Hassan Fathy, Yeni Gourna köyü toplu konut projesi (1945), Luksor
Mimarlıkta çevreci yaklaşımlar, mimarlık kuramında doğa bağlamının tartışılmasıyla ilişkilidirler. Bu nedenle, Crutzen ve Stoermer’in ortaya attığı ve önce coğrafya kuramında sonra da felsefede doğa kavramının yeniden sorgulanmasına yol açan Antroposen kavramı, mimarlıkta çevreci yaklaşımları da değiştirme potansiyeline sahiptir. İnsanın, yaşadığı Dünya üzerinde mutlak etkileyici güç haline gelmesi ve insan etkisi dışında doğa olarak tanımlanabilecek bir sistemin tanımlanamaması anlamına gelen Antroposen, coğrafya kuramı içerisinde Antroposenik bir uzam tanımına yol açmaktadır. Kavram, Zizek ve Latour gibi filozofların kuramsal yaklaşımlarında ise şekil değiştirerek insan ve doğa arasında muğlaklaşmış sınırlar, insanın dünya üzerindeki özgürlüğü ve hatta modern insanın sürdürülebilirliğine uzanan bir perspektifte incelenmektedir. Tez, coğrafya-felsefe ara düzleminde oluşmuş bu kuramsal altyapı ile mimarlıkta çevreci yaklaşımların kuramsal altyapısı arasında ortak bir zemin oluşturmak hedefindedir. Bu ortak zeminin oluşturulması için tezde Antroposen kavramının mimarlık kuramında doğa kavramına bakış açısını değiştirme potansiyeli irdelenmiştir. Bu irdelemeyle oluşan bakış açısıyla mimarlıkta çevreci yaklaşımların doğa kavramına bakış açıları üzerinden bir model oluşturulmuş, mimarlıkta çevreci yaklaşımlar bu model kapsamında değerlendirilerek Antroposen bağlamında mimarlar, yapılar ve kuramsal yaklaşımlar üzerinden tartışılmıştır.

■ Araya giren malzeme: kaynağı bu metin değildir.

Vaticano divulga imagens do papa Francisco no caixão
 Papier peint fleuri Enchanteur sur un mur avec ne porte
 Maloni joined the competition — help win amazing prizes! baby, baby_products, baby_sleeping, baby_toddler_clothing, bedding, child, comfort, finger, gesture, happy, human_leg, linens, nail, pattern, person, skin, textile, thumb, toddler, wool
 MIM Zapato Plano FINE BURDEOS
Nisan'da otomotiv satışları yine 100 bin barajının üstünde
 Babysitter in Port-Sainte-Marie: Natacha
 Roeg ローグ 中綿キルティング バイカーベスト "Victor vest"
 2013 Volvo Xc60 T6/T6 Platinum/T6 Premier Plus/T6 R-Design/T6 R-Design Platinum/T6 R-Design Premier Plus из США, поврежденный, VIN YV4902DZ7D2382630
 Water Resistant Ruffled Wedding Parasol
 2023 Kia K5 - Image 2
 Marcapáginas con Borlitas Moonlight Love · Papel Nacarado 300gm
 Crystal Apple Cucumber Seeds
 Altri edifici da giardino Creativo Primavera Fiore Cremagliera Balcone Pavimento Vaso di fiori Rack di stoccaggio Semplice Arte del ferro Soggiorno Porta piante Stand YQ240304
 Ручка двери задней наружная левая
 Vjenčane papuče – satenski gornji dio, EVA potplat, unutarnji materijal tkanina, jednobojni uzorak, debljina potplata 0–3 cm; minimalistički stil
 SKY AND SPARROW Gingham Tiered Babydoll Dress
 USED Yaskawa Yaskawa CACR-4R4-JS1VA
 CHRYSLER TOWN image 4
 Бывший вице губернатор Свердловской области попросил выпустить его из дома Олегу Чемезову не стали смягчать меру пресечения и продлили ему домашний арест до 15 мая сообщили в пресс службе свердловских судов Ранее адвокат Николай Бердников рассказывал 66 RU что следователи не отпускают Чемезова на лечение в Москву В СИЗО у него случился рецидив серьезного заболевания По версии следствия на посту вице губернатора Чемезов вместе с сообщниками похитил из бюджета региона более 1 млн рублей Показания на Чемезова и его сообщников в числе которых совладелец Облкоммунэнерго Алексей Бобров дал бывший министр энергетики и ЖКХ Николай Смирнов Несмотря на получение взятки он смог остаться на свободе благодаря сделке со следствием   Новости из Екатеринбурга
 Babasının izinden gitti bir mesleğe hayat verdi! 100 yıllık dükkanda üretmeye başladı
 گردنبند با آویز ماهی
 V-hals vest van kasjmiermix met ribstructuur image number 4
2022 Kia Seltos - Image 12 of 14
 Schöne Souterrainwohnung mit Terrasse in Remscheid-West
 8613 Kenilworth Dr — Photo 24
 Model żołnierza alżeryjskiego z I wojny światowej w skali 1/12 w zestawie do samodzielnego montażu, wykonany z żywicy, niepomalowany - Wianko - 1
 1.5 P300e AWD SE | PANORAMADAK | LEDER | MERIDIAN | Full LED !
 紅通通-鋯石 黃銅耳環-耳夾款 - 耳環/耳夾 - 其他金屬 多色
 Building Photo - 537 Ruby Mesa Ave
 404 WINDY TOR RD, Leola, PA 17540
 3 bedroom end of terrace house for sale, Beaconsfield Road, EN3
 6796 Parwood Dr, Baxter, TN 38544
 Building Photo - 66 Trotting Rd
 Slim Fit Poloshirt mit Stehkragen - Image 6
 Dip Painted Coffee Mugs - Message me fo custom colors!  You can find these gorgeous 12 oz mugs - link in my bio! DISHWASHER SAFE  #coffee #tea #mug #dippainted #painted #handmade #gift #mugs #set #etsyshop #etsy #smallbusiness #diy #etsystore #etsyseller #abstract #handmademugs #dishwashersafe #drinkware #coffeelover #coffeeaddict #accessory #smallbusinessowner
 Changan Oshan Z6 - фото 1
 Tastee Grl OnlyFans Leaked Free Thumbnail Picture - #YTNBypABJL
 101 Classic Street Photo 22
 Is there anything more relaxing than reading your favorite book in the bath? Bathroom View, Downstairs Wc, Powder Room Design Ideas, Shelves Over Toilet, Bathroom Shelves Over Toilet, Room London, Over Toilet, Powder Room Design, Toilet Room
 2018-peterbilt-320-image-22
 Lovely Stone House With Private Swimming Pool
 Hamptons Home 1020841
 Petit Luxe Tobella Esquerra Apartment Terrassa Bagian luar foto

Model kapsamında çevreci yaklaşımlar “doğanın tasarımın ana ekseninde olması”, “doğa-insan birlikteliği” ve “doğadan kopuş: yapısalcı yaklaşımlar” olarak üç gruba ayrılmaktadır. Bu üç gruptan ilki olan “doğanın tasarımın ana ekseninde olması” mimarlığın ancak yalın bir doğa tanımı ve bu tanım bağlamında oluşturulmuş bir insan doğası betimlemesiyle yapılabileceği yönündeki mimari yaklaşımları tanımlamaktadır. İkinci grup olan “doğa-insan birlikteliği” ise modern insanın doğayla birlikte yaşaması tartışmasına odaklanmış mimari yaklaşımları tanımlamaktadır. Öte yandan üçüncü grup olan “doğadan kopuş: yapısalcı yaklaşımlar”, ilk iki yaklaşımda görülebilen doğayla ilişki kurma hedefinden vazgeçerek, insan kültürünün sürdürülebilirliğini ön plana almış teknolojik ve yapısalcı mimari yaklaşımları kümelemektedir. Tez kapsamında bu üç grupta tartışılmakta olan mimarlıkta çevreci yaklaşımların Antroposen tartışması içerisindeki kavramsal yerleri, kuramsal bir haritalamayla birlikte betimlenmektedir.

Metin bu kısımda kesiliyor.